Re: HTML 2.0 LAST CALL: Numeric character refs

Terry Allen (terry@ora.com)
Thu, 1 Jun 95 14:41:22 EDT

Dave Morris writes:
| On Tue, 9 May 1995, Dan Connolly wrote:
| > dwm@shell.portal.com writes:
| > > Yes, that would satisfy me! I want the standard to be clear that it
| > > isn't acceptable to lose content either explictly or as LarryM
| > > illustrated by turning it into a useless character string. With the
| > > above or even simply leaving 
| > Let's get focused here: which parts of the HTML 2.0 spec do you
| > want changed? What wording would you suggest?
|
| In reference to 5/51 postscript#2, page 1333, section 3.2.1, change
| the last sentence of the first paragraph to read:

There is no section 3.2.1 in html-spec.txt.

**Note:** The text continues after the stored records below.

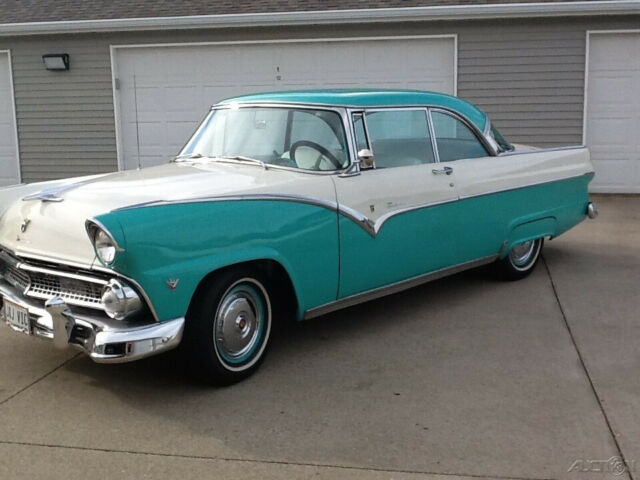 1955 Ford Victoria Completely Restored Turn Key Ready - photo 9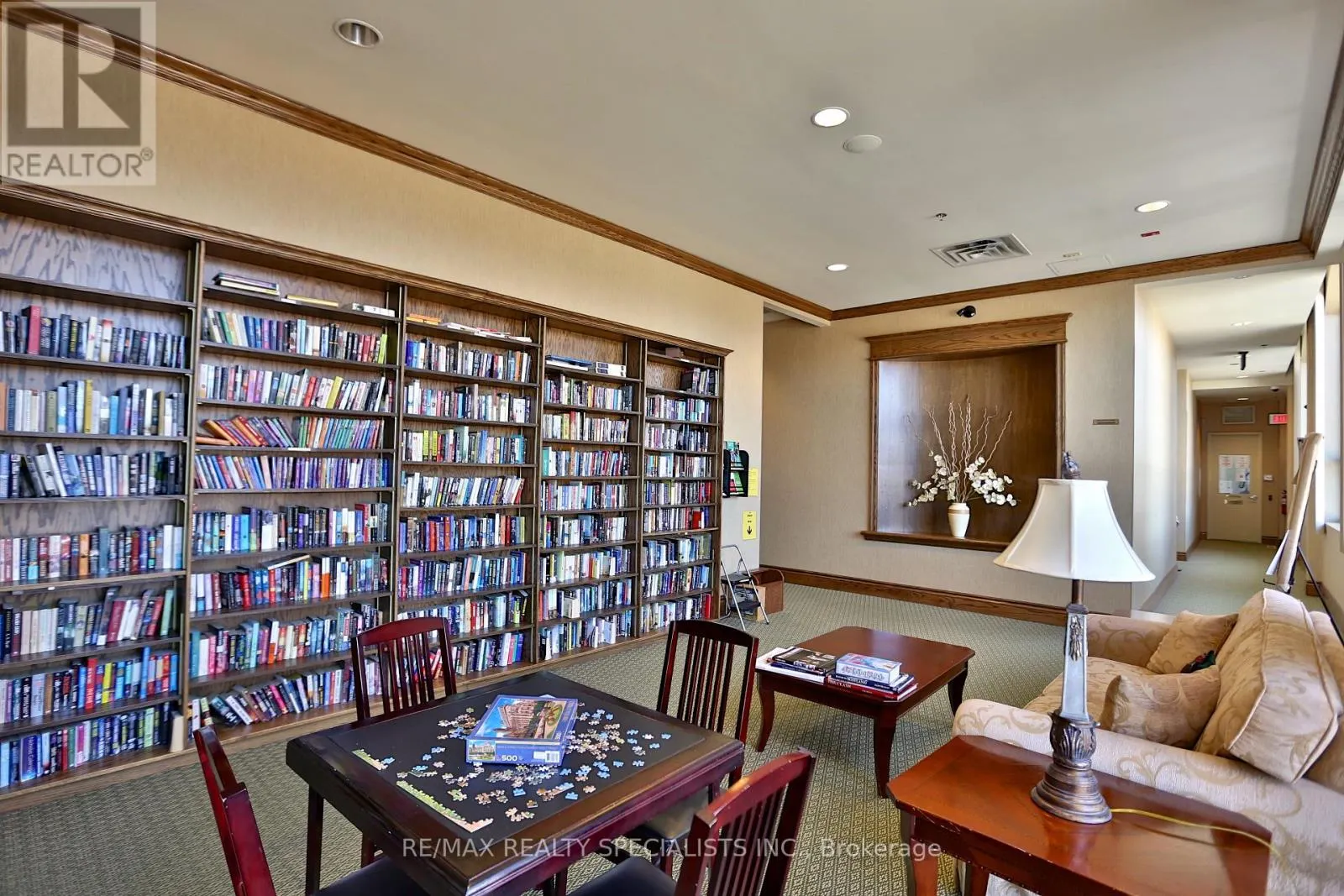 201 - 55 VIA ROSEDALE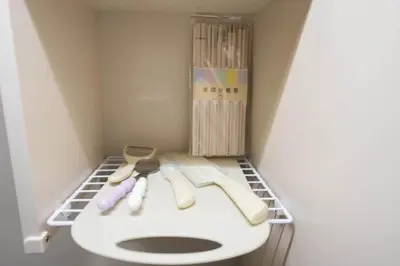 a model of a toilet in a small bathroom at \u738b102\u6574\u5957\u79c1\u4eba\u536b\u6d74\u53a8\u623f \u6d17\u8863\u673a \u8f66\u7ad9\u6b65\u884c5\u5206\u949f \u4e0a\u91ce\u7ad9\u5730\u94c1\u76f4\u8fbe in Tokyo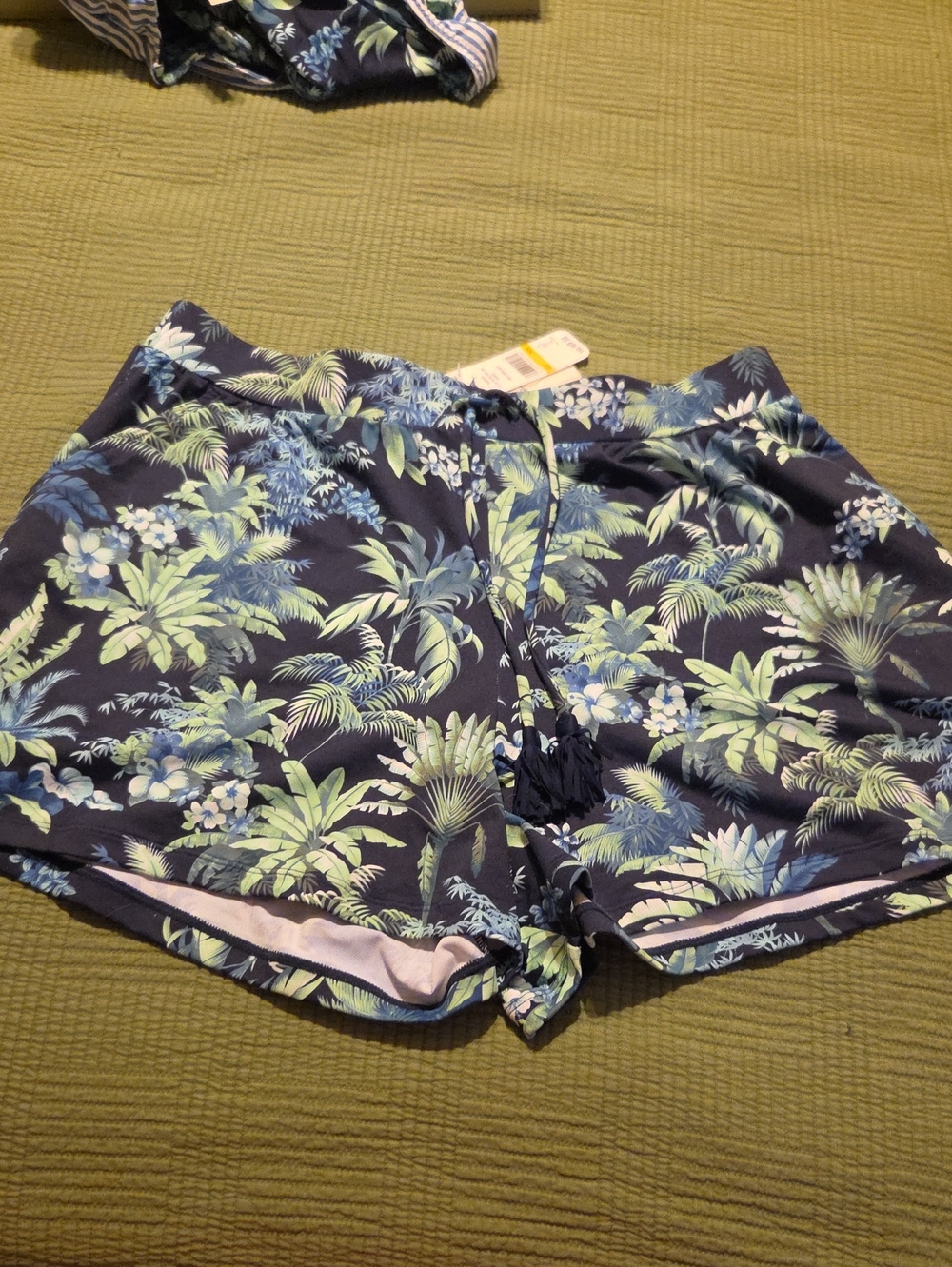 Tommy Bahama Navy Tropical Print Women’s Shorts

I suppose it's:

Undeclared Markup Error Handling
To facilitate experimentation and interoperability between
implementations of various versions of HTML, the installed
base of HTML user agents supports a superset of the HTML 2.0
language by reducing it to HTML 2.0: markup in the form of
a start-tag or end-tag whose generic identifier is not
declared is mapped to nothing during tokenization. Unde-
clared attributes are treated similarly. The entire
attribute specification of an unknown attribute (i.e., the
unknown attribute and its value, if any) should be ignored.
On the other hand, references to undeclared entities should
be treated as data characters.

This says nothing about numeric charrefs nor should it. As we have
already discussed, numeric charrefs that are not in the document
character set are simply invalid, and with ordinary SGML tools that
respect the document character set, they're not found in the output
of the parse.

| On the other hand, references to undeclared entities
| + and numeric character references which cannot be resolved
| + (e.g., are out of range)
| should be treated as data characters.
|
| The +ed lines are added words, no deletions.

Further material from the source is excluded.